He also states that naval and military officers, when serving on colonial or foreign stations, were permitted, under Treasury Warrant of May 16, 1857, to send or receive letters at the reduced British postage of 6d. per ounce, in all cases where the postage of ordinary letters to or from the same place was higher than 6d. The privilege was withdrawn on January 1, 1870, and then letters became liable to the general rates of postage.

[1] "The Postmarks of the British Isles from 1840." By J. G. Hendy. London, 1909; p. 13.

Egypt. The organisation of an Army Postal Corps was authorised on July 18, 1882, for service in Egypt, and it was promptly completed. Colonel du Plat Taylor was instructed to form the corps of two officers and one hundred men from the Post-Office Volunteers (24th Middlesex) for enrolment in the first-class Army Reserve. The men combined the advantages of experience in postal work, as sorters and postmen, with army training. The officers selected were Major Sturgeon (of the Money Order Office) and Captain Viall (Receiver and Accountant General's Department), the former taking command with the army rank of Captain, and the latter seconding him, with the army rank of Lieutenant. The men received their post-office pay, and, while on active service, in addition to free kit and rations, the privates drew army pay of 1s., corporals 1s. 8d., and sergeants 2s. 4d. per day.

22

The famous blind Postmaster-General, Henry Fawcett, inspected the corps at the General Post Office on July 26, and the officers with 50 men sailed on August 8, disembarking at Alexandria on August 21. Their first postal duties were undertaken at Alexandria and Ramleh, but two days after disembarkation they re-embarked, joining up with Lord Wolseley's main forces at Ismailia on August 26. The base was at Ismailia, whence the post office corps sent out its branches, planting advanced base and field post offices connecting the base with the changing front, between which and the base a daily service was maintained. In September, shortly after the battle of Tel-el-Kebir, the Army and the Army Post Office reached Cairo, and re-embarked for home on October 7. The despatches gave high praise to the efficiency and useful service of the corps.
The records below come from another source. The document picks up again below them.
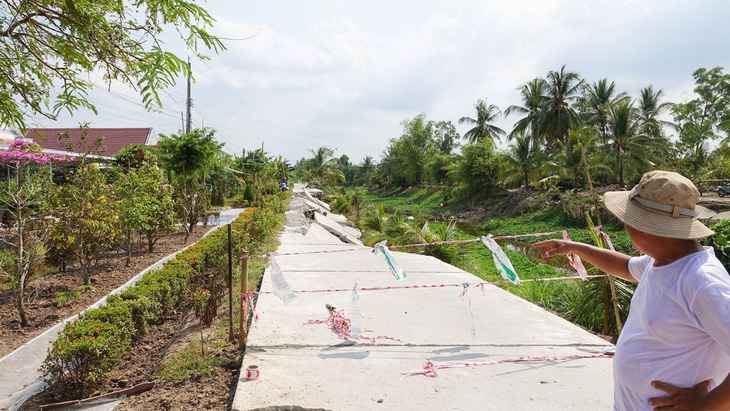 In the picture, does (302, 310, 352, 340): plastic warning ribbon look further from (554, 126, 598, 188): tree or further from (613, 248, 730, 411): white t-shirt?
(554, 126, 598, 188): tree

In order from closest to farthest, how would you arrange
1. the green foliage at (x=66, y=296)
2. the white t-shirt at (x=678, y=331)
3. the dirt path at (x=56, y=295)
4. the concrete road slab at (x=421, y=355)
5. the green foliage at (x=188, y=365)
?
the white t-shirt at (x=678, y=331) → the concrete road slab at (x=421, y=355) → the green foliage at (x=188, y=365) → the dirt path at (x=56, y=295) → the green foliage at (x=66, y=296)

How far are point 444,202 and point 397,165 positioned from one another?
18143mm

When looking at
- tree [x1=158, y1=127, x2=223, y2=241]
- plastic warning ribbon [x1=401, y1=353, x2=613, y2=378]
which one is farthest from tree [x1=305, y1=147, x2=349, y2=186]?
plastic warning ribbon [x1=401, y1=353, x2=613, y2=378]

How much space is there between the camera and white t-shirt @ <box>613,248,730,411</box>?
47.7 inches

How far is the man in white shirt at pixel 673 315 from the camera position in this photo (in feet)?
4.05

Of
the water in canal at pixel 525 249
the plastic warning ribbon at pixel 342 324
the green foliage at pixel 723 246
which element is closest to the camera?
the plastic warning ribbon at pixel 342 324

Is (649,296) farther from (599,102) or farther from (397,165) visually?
(397,165)

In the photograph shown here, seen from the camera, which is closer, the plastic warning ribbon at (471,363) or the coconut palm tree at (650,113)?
the plastic warning ribbon at (471,363)

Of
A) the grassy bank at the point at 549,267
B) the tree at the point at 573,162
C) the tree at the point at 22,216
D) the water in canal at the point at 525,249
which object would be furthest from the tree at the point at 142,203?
the tree at the point at 573,162

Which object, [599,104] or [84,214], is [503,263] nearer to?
[84,214]

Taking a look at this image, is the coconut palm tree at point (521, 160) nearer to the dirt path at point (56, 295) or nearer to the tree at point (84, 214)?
the dirt path at point (56, 295)

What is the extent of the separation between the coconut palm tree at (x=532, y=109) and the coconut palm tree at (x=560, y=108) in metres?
0.63

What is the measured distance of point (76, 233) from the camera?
5992 millimetres

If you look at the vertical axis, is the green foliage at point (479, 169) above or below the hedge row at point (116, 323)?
above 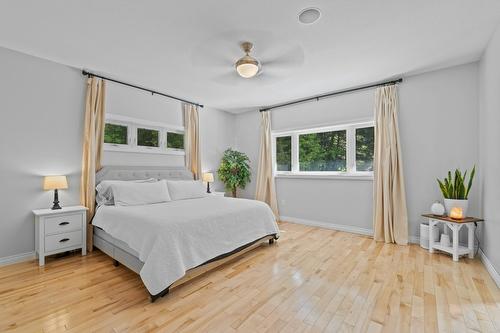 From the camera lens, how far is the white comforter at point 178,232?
202cm

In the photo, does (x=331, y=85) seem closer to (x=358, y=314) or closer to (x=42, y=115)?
(x=358, y=314)

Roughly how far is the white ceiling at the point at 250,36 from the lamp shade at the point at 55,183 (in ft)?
5.10

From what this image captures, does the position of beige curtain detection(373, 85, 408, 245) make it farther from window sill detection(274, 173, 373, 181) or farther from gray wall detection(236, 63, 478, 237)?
window sill detection(274, 173, 373, 181)

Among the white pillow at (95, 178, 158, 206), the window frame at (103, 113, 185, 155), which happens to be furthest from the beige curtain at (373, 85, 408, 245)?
the white pillow at (95, 178, 158, 206)

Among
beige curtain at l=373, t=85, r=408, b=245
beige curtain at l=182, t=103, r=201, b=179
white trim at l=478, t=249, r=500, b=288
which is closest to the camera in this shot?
white trim at l=478, t=249, r=500, b=288

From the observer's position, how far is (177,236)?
7.11 ft

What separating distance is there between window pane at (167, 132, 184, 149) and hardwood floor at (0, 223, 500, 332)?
2300mm

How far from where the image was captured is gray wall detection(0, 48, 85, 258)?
8.91ft

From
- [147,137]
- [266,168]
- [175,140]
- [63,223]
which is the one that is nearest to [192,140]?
[175,140]

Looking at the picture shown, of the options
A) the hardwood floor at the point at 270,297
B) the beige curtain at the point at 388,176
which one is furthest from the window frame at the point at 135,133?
the beige curtain at the point at 388,176

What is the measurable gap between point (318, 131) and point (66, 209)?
433 cm

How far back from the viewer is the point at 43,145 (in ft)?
9.75

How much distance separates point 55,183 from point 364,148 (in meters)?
4.70

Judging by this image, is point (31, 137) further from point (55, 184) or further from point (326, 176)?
point (326, 176) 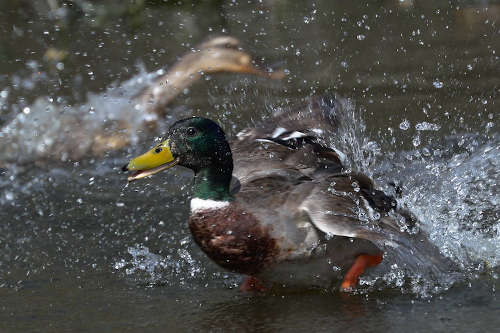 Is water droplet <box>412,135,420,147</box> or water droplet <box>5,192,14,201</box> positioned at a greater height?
water droplet <box>412,135,420,147</box>

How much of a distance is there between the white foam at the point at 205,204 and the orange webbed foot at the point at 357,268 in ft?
2.20

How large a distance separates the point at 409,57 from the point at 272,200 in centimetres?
439

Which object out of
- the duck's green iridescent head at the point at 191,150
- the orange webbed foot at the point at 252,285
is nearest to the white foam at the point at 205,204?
the duck's green iridescent head at the point at 191,150

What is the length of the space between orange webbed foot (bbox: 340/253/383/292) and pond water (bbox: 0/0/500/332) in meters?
0.07

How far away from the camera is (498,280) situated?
11.6 ft

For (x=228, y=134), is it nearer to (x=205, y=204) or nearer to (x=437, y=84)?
(x=437, y=84)

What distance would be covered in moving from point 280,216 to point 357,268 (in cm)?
48

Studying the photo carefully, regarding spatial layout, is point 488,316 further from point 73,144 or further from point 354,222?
point 73,144

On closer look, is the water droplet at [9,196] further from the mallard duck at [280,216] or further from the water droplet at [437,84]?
the water droplet at [437,84]

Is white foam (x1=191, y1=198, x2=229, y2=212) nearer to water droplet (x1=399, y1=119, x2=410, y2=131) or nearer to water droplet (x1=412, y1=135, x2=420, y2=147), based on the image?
water droplet (x1=412, y1=135, x2=420, y2=147)

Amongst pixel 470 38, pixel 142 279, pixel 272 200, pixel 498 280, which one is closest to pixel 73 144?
pixel 142 279

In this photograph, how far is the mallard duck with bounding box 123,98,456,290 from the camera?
3.50m

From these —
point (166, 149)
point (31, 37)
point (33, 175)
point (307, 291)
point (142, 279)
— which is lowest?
point (31, 37)

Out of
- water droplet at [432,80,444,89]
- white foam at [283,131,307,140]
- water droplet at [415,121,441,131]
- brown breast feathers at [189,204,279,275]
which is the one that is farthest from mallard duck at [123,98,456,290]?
water droplet at [432,80,444,89] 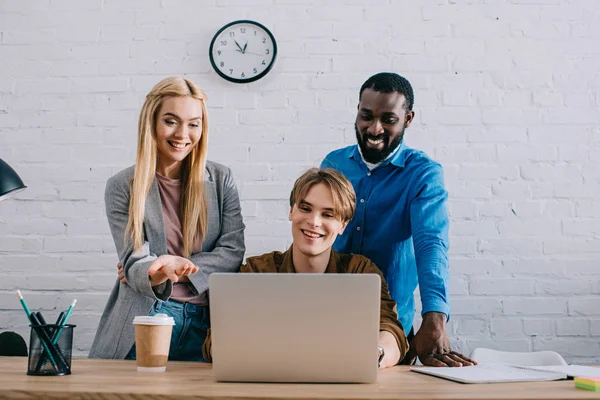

Three years later, Major Sturgeon (promoted in recognition of his services in Egypt, 1882) again commanded a corps of twenty N.C.O.'s and men, in Sir Gerald Graham's Suakim expedition of 1885. The corps left England on March 3, and returned on July 28, after a more difficult experience with the Suakim garrison than they had met with in the first Egyptian campaign.

Dongola Expedition. Of the Dongola Expeditionary Force under General Kitchener in 1896 we have no record of the use of English stamps, but Mr. H. H. Harland has shown us an interesting envelope with the postmark of Wadi-Halfa camp, the letter not being prepaid as no stamps were available (Fig. 23).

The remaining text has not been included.